In Dress Uniform, the Brevet is worn on the lower portion of the left sleeve. On overalls or tropical uniform it is worn on the left shoulder.
ABOVE: RASC Brevets
The embroidered cloth brevet shown on the left was for Battle Dress, No.2 Dress, Khaki Drill (Middle East) and Olive Green (Far East). The brass brevet in the centre was for No.3 Dress. On the right is the embroidered wire brevet for No.1 Dress.
On 15th July 1965, the RCT was formed. The Air Despatch Brevet was changed to reflect this. The words Royal Army Service Corps being removed from the new designs.
The brevet shown on the left was the RASC version, but without the lettering. Despatchers were instructed to unpick the lettering form RASC brevets they were wearing. Many did not and only changed brevets when the new version shown on the right was issued. The Brass No. 3 Dress brevet was replaced by an anodised version (centre top). The embroidered wire version also changed and lost the wording (centre bottom).

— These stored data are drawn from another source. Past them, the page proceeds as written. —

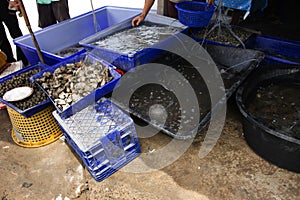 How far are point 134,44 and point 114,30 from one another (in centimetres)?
48

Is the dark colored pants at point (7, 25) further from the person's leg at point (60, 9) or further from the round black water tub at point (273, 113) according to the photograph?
the round black water tub at point (273, 113)

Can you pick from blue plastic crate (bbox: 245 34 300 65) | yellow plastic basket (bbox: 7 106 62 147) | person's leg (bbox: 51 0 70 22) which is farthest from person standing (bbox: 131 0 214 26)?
yellow plastic basket (bbox: 7 106 62 147)

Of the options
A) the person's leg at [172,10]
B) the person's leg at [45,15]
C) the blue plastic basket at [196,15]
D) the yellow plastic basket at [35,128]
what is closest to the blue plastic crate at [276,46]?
the blue plastic basket at [196,15]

In 1993, the RCT passed into history with the formation of the RLC from the RCT, RAOC, ACC, RPC and postal elements of the RE. RLC Air Despatchers wear the same brevets as the RCT wore.

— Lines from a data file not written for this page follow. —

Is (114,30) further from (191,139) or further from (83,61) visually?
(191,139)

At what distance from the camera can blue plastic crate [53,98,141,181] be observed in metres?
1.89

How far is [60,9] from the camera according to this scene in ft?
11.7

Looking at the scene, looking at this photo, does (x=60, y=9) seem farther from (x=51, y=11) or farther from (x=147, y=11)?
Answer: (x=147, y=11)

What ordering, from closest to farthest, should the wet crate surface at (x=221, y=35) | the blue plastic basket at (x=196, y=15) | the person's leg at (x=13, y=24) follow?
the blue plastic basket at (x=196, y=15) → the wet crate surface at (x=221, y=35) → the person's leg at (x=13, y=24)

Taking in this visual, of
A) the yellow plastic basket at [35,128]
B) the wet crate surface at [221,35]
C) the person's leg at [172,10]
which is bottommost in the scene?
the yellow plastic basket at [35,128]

RIGHT: In 1968, a new qualification of Qualified Air Despatch Instructor (QADI) was set in place. QADIs are Senior NCOs and Warrant Officers who have extensive Air Despatch experience.
The QADI Brevet was also made available in wire for Mess Dress.
LEFT: Also introduced was the Master Air Despatcher. Perhaps this was not the most appropriate choice of title when the initials are used. Mind you..............
The Master Air Despatcher is a man of great experience in Air Despatch matters and techniques.
ABOVE: Subdued pattern AD and QADI Brevets.
ABOVE: Three types of Mess Dress Brevets.